Unfortunately, reported levels in groundwater could be grossly inaccurate as most of the chemicals are still migrating through the soil, according to Bo Guo assistant professor of hydrology and atmospheric sciences at the University of Arizona.
In a recent study published in the journal Water Resources Research, Guo and his co-workers, Jicai Zeng and Mark Brusseau, developed a mathematical model to study how these chemical migrate through the soil, specifically through in an area called the vadose zone, which is the soil between the surface and groundwater.

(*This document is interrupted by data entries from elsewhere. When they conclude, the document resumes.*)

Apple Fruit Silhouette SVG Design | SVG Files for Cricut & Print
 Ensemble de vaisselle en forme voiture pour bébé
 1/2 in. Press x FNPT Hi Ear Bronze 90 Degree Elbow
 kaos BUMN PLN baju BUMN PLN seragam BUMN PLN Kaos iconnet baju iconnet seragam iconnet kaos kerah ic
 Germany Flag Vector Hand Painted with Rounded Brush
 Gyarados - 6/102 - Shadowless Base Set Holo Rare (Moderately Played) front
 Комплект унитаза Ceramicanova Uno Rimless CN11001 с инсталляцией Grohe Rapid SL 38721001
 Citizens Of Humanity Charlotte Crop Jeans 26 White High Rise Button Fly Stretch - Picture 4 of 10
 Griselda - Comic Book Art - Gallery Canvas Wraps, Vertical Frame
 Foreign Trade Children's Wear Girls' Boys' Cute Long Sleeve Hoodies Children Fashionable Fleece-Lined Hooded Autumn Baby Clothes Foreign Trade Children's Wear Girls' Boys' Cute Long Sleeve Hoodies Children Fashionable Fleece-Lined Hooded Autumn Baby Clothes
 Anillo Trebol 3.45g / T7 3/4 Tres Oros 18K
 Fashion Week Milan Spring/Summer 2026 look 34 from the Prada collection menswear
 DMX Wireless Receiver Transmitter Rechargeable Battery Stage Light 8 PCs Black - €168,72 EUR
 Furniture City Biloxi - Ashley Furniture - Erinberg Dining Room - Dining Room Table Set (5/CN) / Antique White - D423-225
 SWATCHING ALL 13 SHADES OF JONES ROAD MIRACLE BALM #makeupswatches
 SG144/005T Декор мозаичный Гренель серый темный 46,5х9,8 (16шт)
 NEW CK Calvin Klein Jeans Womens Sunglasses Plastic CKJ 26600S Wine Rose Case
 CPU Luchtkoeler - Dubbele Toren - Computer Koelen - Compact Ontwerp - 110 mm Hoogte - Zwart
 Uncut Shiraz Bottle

A number of previously published studies have identified the vadose zone as a “source zone” of PFAS, trapping them before they could move into the groundwater. But how this was happening was poorly understood, until now.
The study tracked the movement of perfluorooctanesulfonic acid (PFOS) — a PFAS used in fire retardants used regularly in drills — and covered a wide range of conditions including different media (sand vs. soil), concentrations, and climates (humid vs. semiarid). Using their new model, Guo, Brusseau, and Zeng were able to determine that PFAS retention was occurring as a result of air and water trapped in the soil in vadose region; here, water and air form interfaces that adsorb these chemicals, allowing them to accumulate over time and enter ground water in a slow-release manner.
“This means that the majority of PFAS are still in the soil, and they are migrating down slowly in a way similar to a ticking time bomb,” said Guo. According to the conditions simulated in the study using PFOS, it could take decades or longer to reach the groundwater table at 5m below the land surface.
“This has big implications for focusing remediation,” continued Guo. “So far, groundwater has been the focus, but should we actually focus on soil, which is where most of the PFAS are and will be for a long time? Or do we wait and remediate the groundwater for decades or centuries?”
“One of our objectives in the future would be to apply the model to different sites,” said Brusseau. “Then hopefully it will be useful for policy makers, regulators, and environmental consultants to do assessments.”
Researcher article found at: B. Guo, J. Zeng, M.L. Brusseau, Water Resources Research, 2020, doi.org/10.1029/2019WR026667
This article was corrected on February 14, 2020, to correct the spelling of Bo Guo’s name.